Write out each line of the entries exactly, starting at the first and finishing with the line that contains "カット＋イヤリングカラー(ブリーチ込)の写真".

++++ RECORDS PROVIDED

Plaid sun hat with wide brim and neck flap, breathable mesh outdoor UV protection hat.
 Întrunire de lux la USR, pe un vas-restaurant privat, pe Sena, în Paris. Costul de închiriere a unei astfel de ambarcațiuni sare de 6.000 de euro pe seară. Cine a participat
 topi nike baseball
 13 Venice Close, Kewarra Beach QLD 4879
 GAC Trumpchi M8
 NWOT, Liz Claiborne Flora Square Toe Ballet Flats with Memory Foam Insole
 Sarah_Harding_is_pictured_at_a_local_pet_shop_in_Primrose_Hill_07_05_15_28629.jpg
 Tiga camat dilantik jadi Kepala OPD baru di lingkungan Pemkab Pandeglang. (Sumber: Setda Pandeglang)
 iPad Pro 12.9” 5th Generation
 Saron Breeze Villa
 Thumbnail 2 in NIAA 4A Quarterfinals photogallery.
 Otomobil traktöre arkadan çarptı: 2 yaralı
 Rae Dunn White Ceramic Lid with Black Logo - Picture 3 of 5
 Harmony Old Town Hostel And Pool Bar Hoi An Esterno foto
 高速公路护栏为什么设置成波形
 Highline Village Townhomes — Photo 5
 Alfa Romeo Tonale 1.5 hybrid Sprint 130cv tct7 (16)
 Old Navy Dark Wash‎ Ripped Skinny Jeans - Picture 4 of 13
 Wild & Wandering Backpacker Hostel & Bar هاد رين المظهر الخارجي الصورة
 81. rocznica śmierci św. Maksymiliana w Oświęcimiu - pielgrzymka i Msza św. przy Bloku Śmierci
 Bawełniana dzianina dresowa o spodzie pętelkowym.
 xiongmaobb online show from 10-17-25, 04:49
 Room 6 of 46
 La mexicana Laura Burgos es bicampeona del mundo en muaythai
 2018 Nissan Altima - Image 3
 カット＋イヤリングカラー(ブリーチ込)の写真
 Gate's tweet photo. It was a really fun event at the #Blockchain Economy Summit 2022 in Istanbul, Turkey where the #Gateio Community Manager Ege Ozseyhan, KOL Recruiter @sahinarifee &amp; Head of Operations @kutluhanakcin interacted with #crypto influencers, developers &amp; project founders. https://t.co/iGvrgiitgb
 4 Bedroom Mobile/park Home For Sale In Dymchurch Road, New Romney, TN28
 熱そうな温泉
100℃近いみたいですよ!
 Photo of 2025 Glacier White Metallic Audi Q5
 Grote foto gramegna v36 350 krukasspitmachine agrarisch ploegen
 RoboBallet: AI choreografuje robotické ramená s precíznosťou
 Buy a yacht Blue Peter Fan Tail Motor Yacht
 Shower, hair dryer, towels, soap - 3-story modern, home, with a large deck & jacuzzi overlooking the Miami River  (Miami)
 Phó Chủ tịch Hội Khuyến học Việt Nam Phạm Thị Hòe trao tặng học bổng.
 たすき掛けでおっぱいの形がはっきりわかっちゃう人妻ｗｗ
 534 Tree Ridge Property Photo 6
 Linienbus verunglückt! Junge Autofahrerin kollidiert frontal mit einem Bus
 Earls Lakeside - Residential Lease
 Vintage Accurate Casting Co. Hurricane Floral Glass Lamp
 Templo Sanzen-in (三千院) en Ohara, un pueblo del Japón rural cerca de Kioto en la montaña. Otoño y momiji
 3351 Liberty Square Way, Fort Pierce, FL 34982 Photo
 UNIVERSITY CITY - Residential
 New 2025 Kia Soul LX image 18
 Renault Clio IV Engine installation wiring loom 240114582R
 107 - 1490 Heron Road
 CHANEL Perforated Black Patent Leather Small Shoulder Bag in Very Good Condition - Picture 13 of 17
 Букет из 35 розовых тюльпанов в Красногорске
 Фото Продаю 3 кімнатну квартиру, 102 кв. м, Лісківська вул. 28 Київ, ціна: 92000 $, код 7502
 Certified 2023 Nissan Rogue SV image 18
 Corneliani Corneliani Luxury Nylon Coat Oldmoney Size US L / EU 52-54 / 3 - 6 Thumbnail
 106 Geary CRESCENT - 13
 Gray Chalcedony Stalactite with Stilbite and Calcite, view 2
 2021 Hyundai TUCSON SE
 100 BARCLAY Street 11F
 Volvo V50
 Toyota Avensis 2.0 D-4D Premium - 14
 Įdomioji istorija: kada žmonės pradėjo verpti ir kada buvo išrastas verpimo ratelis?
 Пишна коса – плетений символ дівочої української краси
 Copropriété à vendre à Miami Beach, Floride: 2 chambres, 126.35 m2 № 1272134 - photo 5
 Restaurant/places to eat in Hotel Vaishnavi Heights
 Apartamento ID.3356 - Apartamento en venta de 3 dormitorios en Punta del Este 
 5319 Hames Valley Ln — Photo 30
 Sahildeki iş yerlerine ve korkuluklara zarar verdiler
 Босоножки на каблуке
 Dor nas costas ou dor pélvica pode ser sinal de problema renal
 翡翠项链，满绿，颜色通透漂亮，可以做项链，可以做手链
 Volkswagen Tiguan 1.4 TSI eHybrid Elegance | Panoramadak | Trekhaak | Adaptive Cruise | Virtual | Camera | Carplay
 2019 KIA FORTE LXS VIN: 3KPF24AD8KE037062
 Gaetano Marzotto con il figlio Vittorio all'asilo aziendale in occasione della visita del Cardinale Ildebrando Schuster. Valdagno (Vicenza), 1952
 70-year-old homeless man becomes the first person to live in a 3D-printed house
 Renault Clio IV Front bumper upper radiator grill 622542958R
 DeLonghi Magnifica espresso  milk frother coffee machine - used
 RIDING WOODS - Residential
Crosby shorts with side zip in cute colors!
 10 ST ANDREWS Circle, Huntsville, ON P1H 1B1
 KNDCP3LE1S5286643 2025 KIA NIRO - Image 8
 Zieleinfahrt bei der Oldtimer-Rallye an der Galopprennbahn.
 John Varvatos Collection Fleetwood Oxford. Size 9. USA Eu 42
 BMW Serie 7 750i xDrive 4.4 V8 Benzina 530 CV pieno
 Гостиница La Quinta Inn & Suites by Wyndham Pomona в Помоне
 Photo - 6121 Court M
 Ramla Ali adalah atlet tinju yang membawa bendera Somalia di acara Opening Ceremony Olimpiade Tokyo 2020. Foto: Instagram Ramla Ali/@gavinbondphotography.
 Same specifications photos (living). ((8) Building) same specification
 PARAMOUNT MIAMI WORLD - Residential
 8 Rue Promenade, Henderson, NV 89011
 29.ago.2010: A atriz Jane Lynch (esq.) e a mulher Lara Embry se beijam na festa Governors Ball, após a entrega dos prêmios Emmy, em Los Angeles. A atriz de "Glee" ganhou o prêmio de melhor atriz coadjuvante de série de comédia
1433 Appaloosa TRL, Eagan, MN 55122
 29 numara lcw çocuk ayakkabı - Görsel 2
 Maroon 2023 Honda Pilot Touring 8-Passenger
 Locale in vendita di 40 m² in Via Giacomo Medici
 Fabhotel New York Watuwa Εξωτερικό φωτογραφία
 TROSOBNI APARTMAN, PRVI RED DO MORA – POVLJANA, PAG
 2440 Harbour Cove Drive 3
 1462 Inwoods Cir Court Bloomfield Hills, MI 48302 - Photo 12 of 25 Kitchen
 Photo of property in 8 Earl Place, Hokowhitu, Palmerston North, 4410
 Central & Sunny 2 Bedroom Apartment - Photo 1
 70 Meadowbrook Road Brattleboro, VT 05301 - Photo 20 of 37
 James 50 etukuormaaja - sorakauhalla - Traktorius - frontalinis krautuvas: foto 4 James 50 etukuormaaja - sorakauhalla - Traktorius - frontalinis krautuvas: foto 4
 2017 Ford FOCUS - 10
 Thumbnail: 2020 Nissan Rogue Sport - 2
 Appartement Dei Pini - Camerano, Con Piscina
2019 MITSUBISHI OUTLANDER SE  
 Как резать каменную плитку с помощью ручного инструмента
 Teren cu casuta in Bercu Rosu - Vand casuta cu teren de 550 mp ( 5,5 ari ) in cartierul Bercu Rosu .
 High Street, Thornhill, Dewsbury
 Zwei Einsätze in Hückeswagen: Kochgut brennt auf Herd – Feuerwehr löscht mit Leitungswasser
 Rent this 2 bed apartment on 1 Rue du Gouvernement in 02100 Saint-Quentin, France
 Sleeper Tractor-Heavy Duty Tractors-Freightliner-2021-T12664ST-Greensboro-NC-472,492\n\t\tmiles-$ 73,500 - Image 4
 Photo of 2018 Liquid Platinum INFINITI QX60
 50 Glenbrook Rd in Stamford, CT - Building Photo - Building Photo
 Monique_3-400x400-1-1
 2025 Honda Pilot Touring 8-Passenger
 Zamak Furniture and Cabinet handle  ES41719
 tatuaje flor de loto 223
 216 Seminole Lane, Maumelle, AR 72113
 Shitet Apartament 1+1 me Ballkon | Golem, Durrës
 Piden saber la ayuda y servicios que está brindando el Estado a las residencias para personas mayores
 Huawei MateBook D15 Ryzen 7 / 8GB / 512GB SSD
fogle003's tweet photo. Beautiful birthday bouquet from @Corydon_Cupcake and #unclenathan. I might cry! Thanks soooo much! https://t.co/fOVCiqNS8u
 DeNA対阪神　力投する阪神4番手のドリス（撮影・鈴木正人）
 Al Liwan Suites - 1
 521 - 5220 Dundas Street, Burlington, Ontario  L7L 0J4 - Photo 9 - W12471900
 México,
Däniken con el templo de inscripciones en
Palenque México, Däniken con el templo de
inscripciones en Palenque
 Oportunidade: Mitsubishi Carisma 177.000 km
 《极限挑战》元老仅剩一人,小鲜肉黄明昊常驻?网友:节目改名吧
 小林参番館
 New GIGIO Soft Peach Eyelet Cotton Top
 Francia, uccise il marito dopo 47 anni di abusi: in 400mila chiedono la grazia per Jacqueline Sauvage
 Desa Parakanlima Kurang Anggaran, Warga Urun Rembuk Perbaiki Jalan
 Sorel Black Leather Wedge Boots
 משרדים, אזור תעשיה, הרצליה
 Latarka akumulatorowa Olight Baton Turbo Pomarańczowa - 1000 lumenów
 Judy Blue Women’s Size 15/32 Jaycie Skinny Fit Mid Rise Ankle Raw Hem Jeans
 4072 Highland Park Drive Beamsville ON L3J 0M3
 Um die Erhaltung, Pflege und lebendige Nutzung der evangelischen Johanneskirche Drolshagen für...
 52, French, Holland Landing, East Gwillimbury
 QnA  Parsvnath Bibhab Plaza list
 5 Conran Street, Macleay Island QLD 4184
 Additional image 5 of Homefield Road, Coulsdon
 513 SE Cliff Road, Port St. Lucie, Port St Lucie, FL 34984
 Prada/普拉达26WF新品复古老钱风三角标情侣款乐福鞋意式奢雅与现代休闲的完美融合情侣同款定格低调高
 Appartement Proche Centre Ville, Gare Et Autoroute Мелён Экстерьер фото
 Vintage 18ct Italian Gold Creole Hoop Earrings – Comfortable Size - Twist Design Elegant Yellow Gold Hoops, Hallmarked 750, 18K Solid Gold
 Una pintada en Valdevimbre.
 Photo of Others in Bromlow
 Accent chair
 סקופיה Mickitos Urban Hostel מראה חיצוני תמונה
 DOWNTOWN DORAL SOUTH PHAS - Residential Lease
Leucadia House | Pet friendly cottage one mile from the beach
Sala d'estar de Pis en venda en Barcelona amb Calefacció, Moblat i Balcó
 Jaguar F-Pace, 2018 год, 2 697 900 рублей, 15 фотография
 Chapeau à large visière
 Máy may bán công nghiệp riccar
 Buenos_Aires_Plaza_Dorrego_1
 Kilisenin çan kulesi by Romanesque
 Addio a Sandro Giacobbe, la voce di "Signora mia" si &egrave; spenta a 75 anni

++++++++

» **COMPLETED TASK**:
Plaid sun hat with wide brim and neck flap, breathable mesh outdoor UV protection hat.
 Întrunire de lux la USR, pe un vas-restaurant privat, pe Sena, în Paris. Costul de închiriere a unei astfel de ambarcațiuni sare de 6.000 de euro pe seară. Cine a participat
 topi nike baseball
 13 Venice Close, Kewarra Beach QLD 4879
 GAC Trumpchi M8
 NWOT, Liz Claiborne Flora Square Toe Ballet Flats with Memory Foam Insole
 Sarah_Harding_is_pictured_at_a_local_pet_shop_in_Primrose_Hill_07_05_15_28629.jpg
 Tiga camat dilantik jadi Kepala OPD baru di lingkungan Pemkab Pandeglang. (Sumber: Setda Pandeglang)
 iPad Pro 12.9” 5th Generation
 Saron Breeze Villa
 Thumbnail 2 in NIAA 4A Quarterfinals photogallery.
 Otomobil traktöre arkadan çarptı: 2 yaralı
 Rae Dunn White Ceramic Lid with Black Logo - Picture 3 of 5
 Harmony Old Town Hostel And Pool Bar Hoi An Esterno foto
 高速公路护栏为什么设置成波形
 Highline Village Townhomes — Photo 5
 Alfa Romeo Tonale 1.5 hybrid Sprint 130cv tct7 (16)
 Old Navy Dark Wash‎ Ripped Skinny Jeans - Picture 4 of 13
 Wild & Wandering Backpacker Hostel & Bar هاد رين المظهر الخارجي الصورة
 81. rocznica śmierci św. Maksymiliana w Oświęcimiu - pielgrzymka i Msza św. przy Bloku Śmierci
 Bawełniana dzianina dresowa o spodzie pętelkowym.
 xiongmaobb online show from 10-17-25, 04:49
 Room 6 of 46
 La mexicana Laura Burgos es bicampeona del mundo en muaythai
 2018 Nissan Altima - Image 3
 カット＋イヤリングカラー(ブリーチ込)の写真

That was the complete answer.